Start of Records for processing

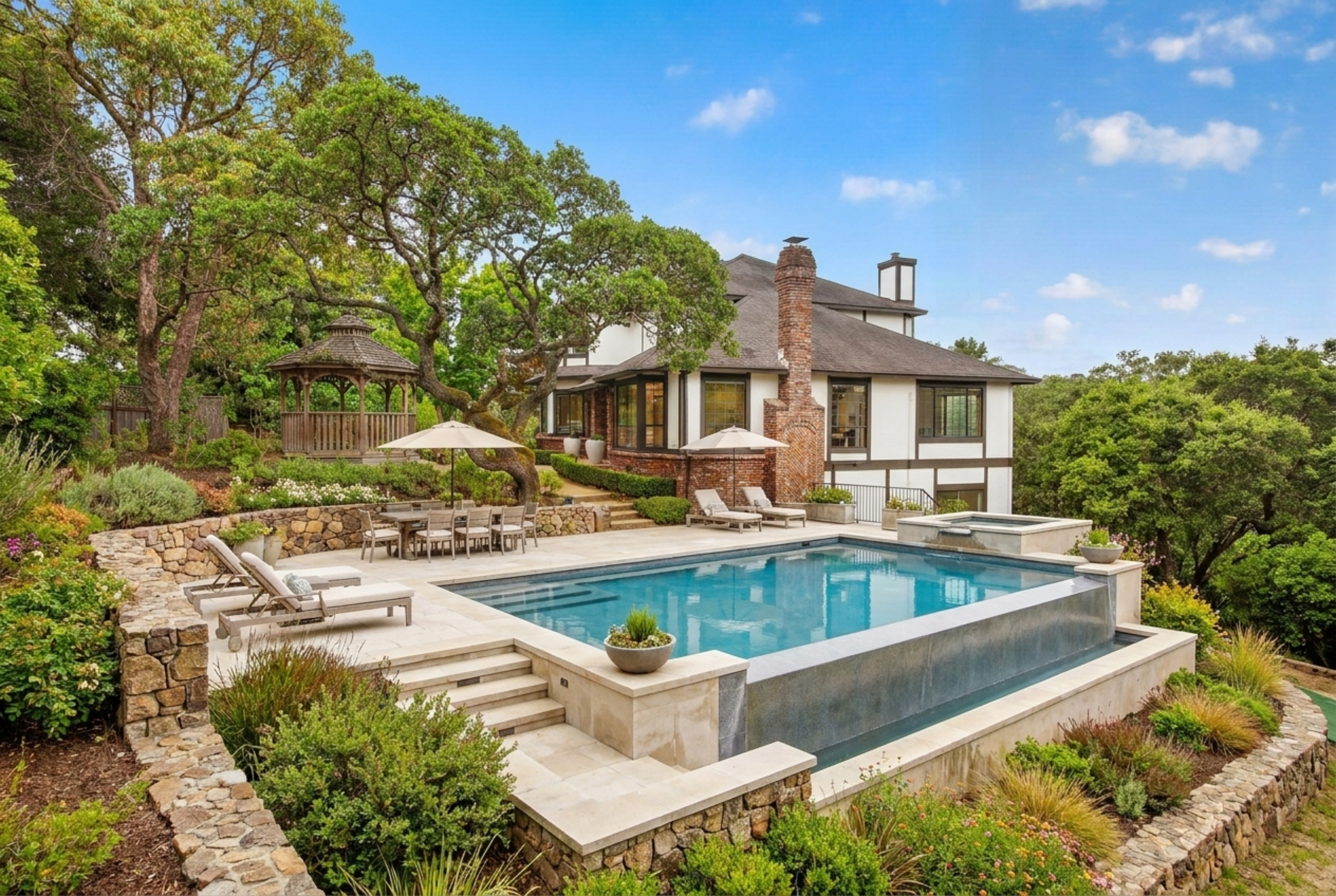  Grand Estate in Novato’s Prestigious Gated Lockton Lane - 物件實景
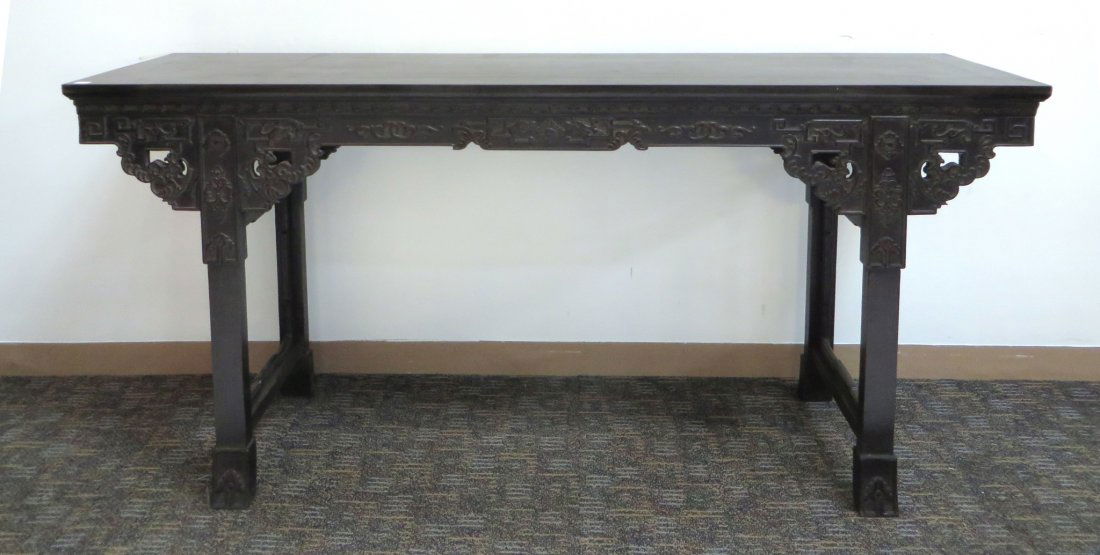 Carved Zitan Painters Table (1 of 7)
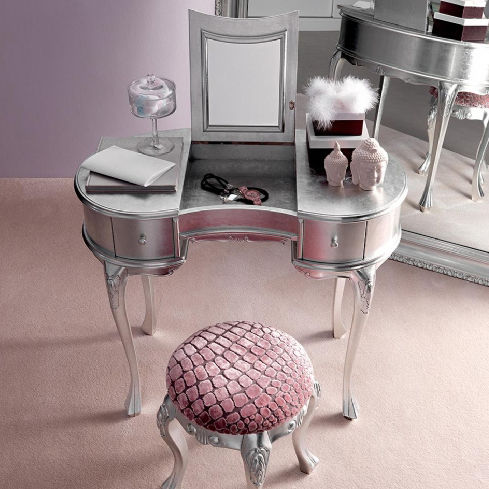 Tocador de estilo - GEMMA - Corte Zari - de MDF / de haya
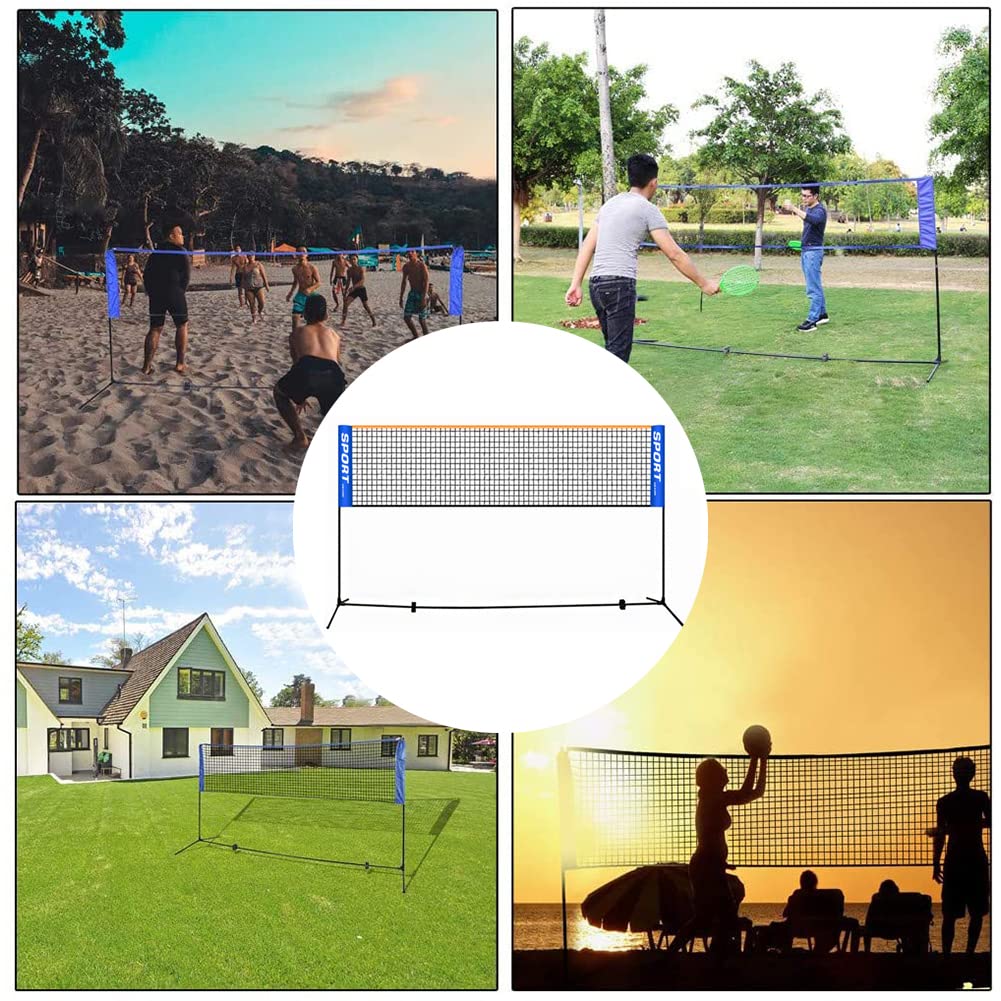 **Premium Volleyball & Pickleball Net for Outdoor Sports - Easy Setup for Beach, Lawn, Backyard, Garden & Courtyard Games - Perfect for Training, Practice & Fun Family Activities**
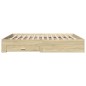 vidaXL Cama con cajones madera ingeniería roble Sonoma 180x200 cm vidaXL Cama con cajones madera ingeniería roble Sonoma 180x200 cm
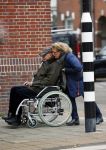 Amsterdam 20 november 2014
Ed v Tijn in rolstoel met zijn vrouw Odette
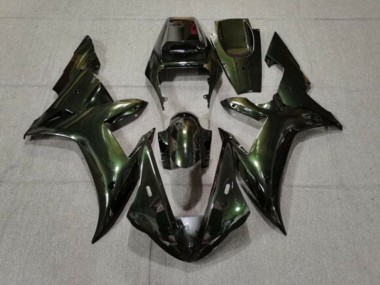 2002-2003 Dark Green Chameleon Yamaha YZF 1000 R1 Motorcycle Fairings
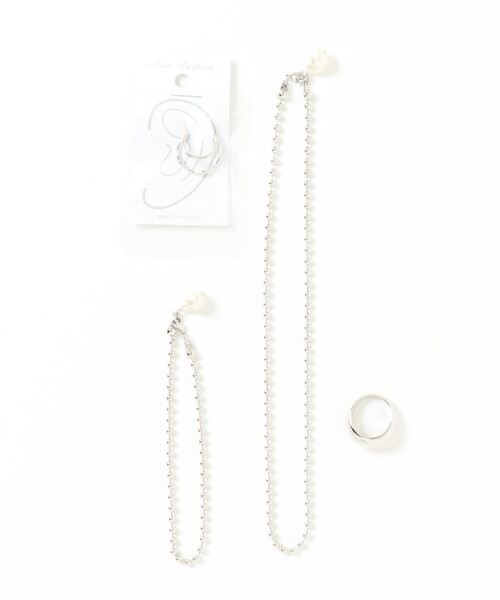 natural couture(ナチュラルクチュール)の「【ZOZO限定】ボールチェーンパール4点セット(ネックレス・レディース・シルバー/ゴールド・FREE)」の12枚目の写真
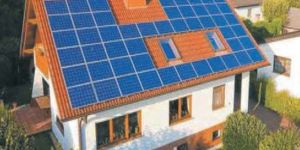 Solar LED Home Lighting System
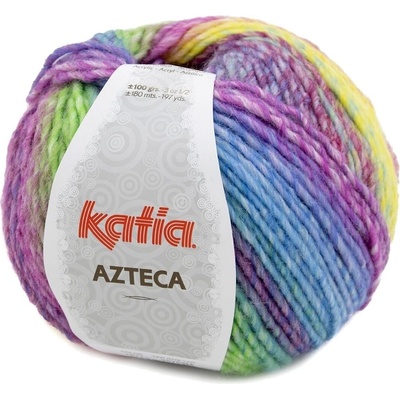 Katia Azteca 7871 Orange/Fuchsia/Green/Blue/Lilac Плетива прежда (7871)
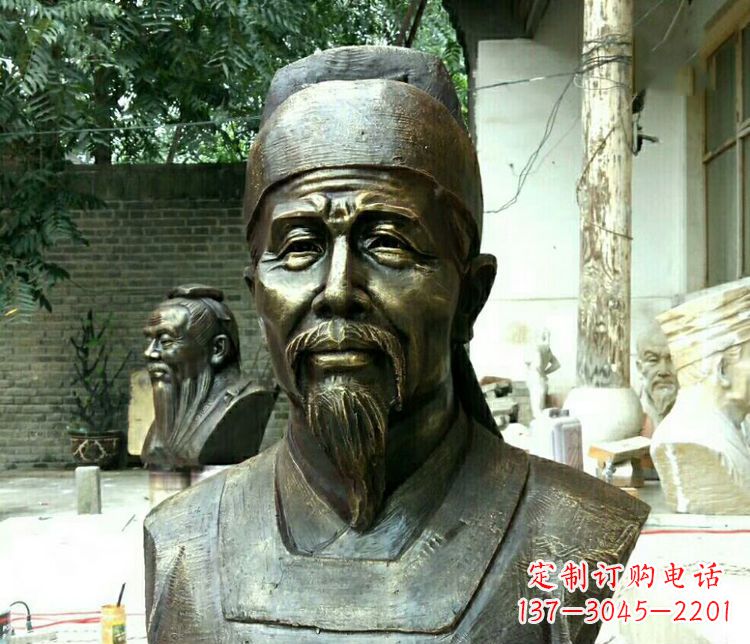 安徽校园杜甫胸像铜雕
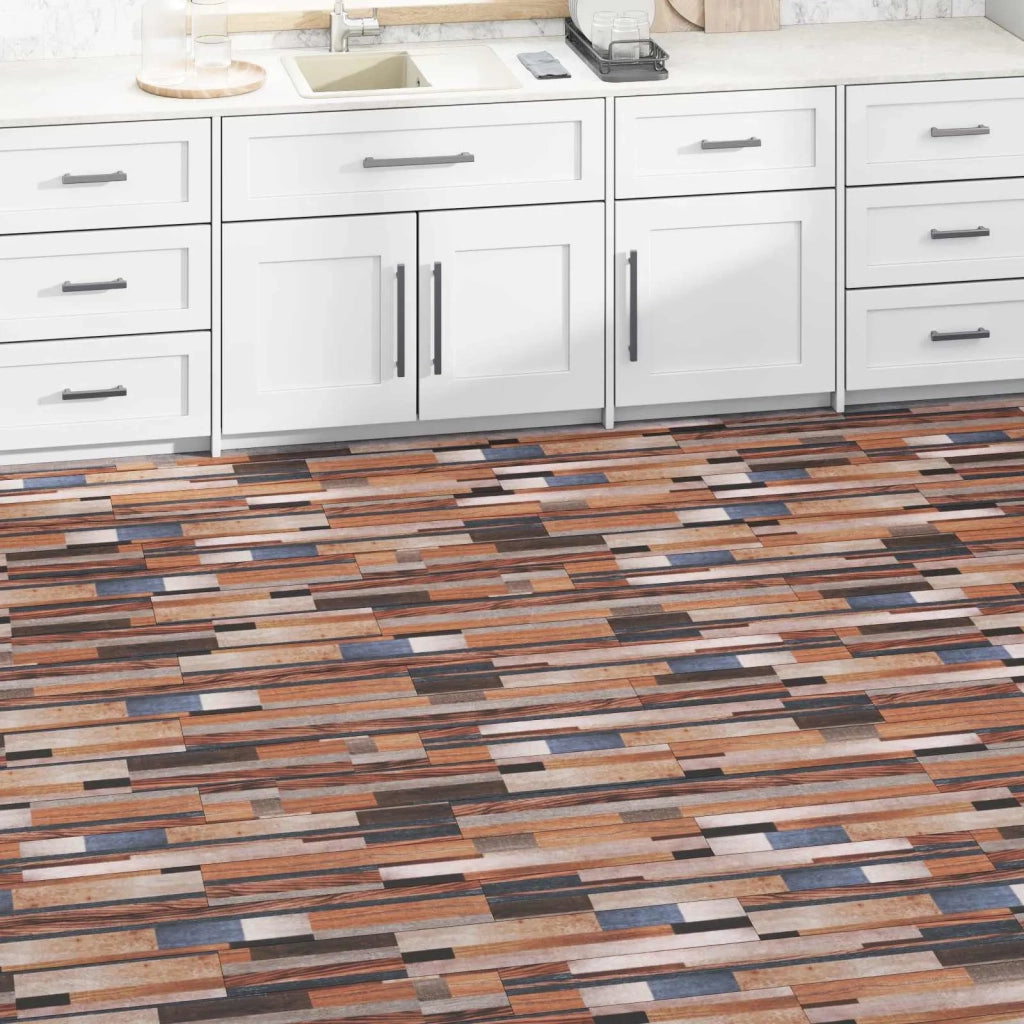Tavole per Pavimenti 18 pz Multicolore 2,51 m2 PVC CFW5825704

End of Records for processing

- Assignment:
Only the text of the entries belongs in the answer, copied exactly; the pictures stay out.

- Answer to this task:
  Grand Estate in Novato’s Prestigious Gated Lockton Lane - 物件實景
 Carved Zitan Painters Table (1 of 7)
 Tocador de estilo - GEMMA - Corte Zari - de MDF / de haya
 **Premium Volleyball & Pickleball Net for Outdoor Sports - Easy Setup for Beach, Lawn, Backyard, Garden & Courtyard Games - Perfect for Training, Practice & Fun Family Activities**
 vidaXL Cama con cajones madera ingeniería roble Sonoma 180x200 cm vidaXL Cama con cajones madera ingeniería roble Sonoma 180x200 cm
 Amsterdam 20 november 2014
Ed v Tijn in rolstoel met zijn vrouw Odette
 2002-2003 Dark Green Chameleon Yamaha YZF 1000 R1 Motorcycle Fairings
 natural couture(ナチュラルクチュール)の「【ZOZO限定】ボールチェーンパール4点セット(ネックレス・レディース・シルバー/ゴールド・FREE)」の12枚目の写真
 Solar LED Home Lighting System
 Katia Azteca 7871 Orange/Fuchsia/Green/Blue/Lilac Плетива прежда (7871)
 安徽校园杜甫胸像铜雕
Tavole per Pavimenti 18 pz Multicolore 2,51 m2 PVC CFW5825704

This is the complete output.